Saturday, April 25, 2015

Book Review: The Pharaoh's Daughter

Title: The Pharaoh's Daughter by Mesu Andrews
My Rating: 4.5 stars
Amazon rating: 4.7




 From the editor:

“You will be called Anippe, daughter of the Nile. Do you like it?” Without waiting for a reply, she pulls me into her squishy, round tummy for a hug. 
I’m trying not to cry. Pharaoh’s daughters don’t cry.
When we make our way down the tiled hall, I try to stop at ummi Kiya’s chamber. I know her spirit has flown yet I long for one more moment. Amenia pushes me past so I keep walking and don’t look back. 
Like the waters of the Nile, I will flow.
 
Anippe has grown up in the shadows of Egypt’s good god Pharaoh, aware that Anubis, god of the afterlife, may take her or her siblings at any moment. She watched him snatch her mother and infant brother during childbirth, a moment which awakens in her a terrible dread of ever bearing a child. Now she is to be become the bride of Sebak, a kind but quick-tempered Captain of Pharaoh Tut’s army.

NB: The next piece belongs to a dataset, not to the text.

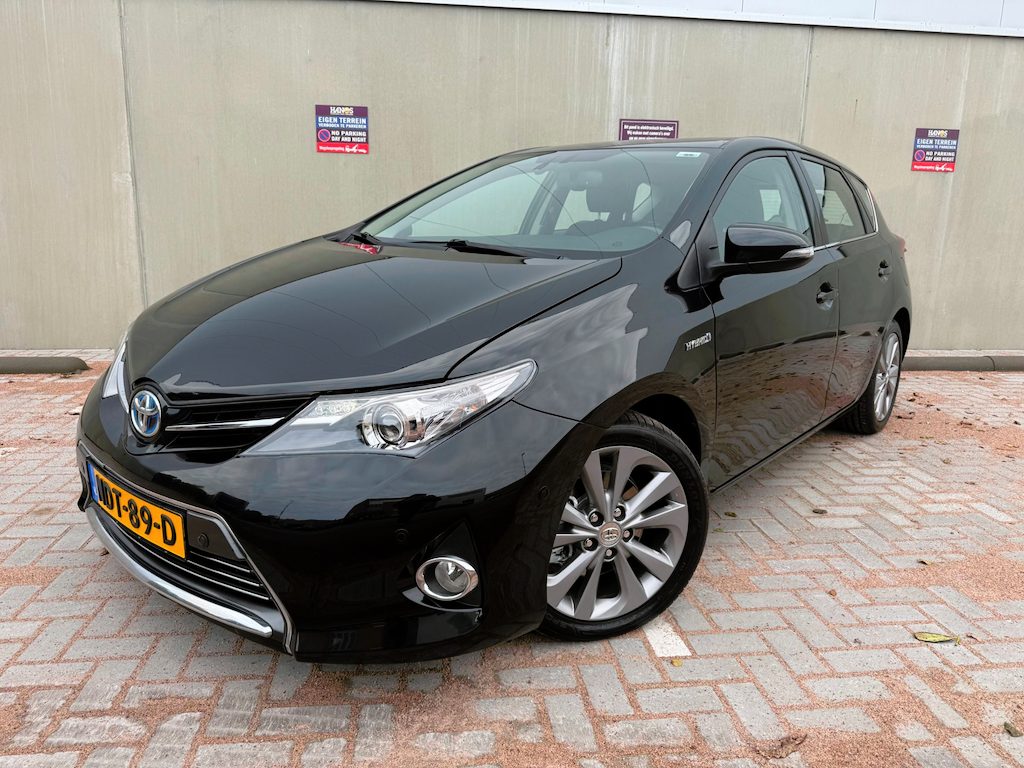 Toyota Auris TOYOTA 1.8 Full Hybrid Exclusive |LUXE UITV 1E EIG|LEDER |KEYLES|VOL OPTIE|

In order to provide Sebak the heir he deserves and yet protect herself from the underworld gods, Anippe must launch a series of deceptions, even involving the Hebrew midwives—women ordered by Tut to drown the sons of their own people in the Nile. 
     When she finds a baby floating in a basket on the great river, Anippe believes Egypt’s gods have answered her pleas, entrenching her more deeply in deception and placing her and her son Mehy, whom handmaiden Miriam calls Moses, in mortal danger.
  As bloodshed and savage politics shift the balance of power in Egypt, the gods reveal their fickle natures and Anippe wonders if her son, a boy of Hebrew blood, could one day become king. Or does the god of her Hebrew servants, the one they call El Shaddai, have a different plan—for them all?

 My thoughts:


I'll start by saying that this is by far the best book I have read through the "Blogging for Books" program. Andrews did her research well, and I was impressed and fascinated with how she intertwined biblical and secular history. It's books like these, enriched with the ins and outs of daily of the time, that help to bring a vividness and deeper understanding of scriptural events. Naturally, the story is fictional, but Andrews seemed to remain true to the biblical events, while opening our imaginations to what might have occurred between the lines and behind the scenes. Writing a book like this is most certainly a lot of work as you are burdened with the responsibility of portraying some of history's most renowned characters and events, and our author did not take her responsibility lightly. I found the book easy to read despite the sometimes heavy dialogue (which only made the book feel more true to its time), but most of all it was the story itself that kept me turning page after page after page.

This was my first read from Mesu Andrews, but it won't be my last.


I received this book free from the publisher in exchange for this honest review.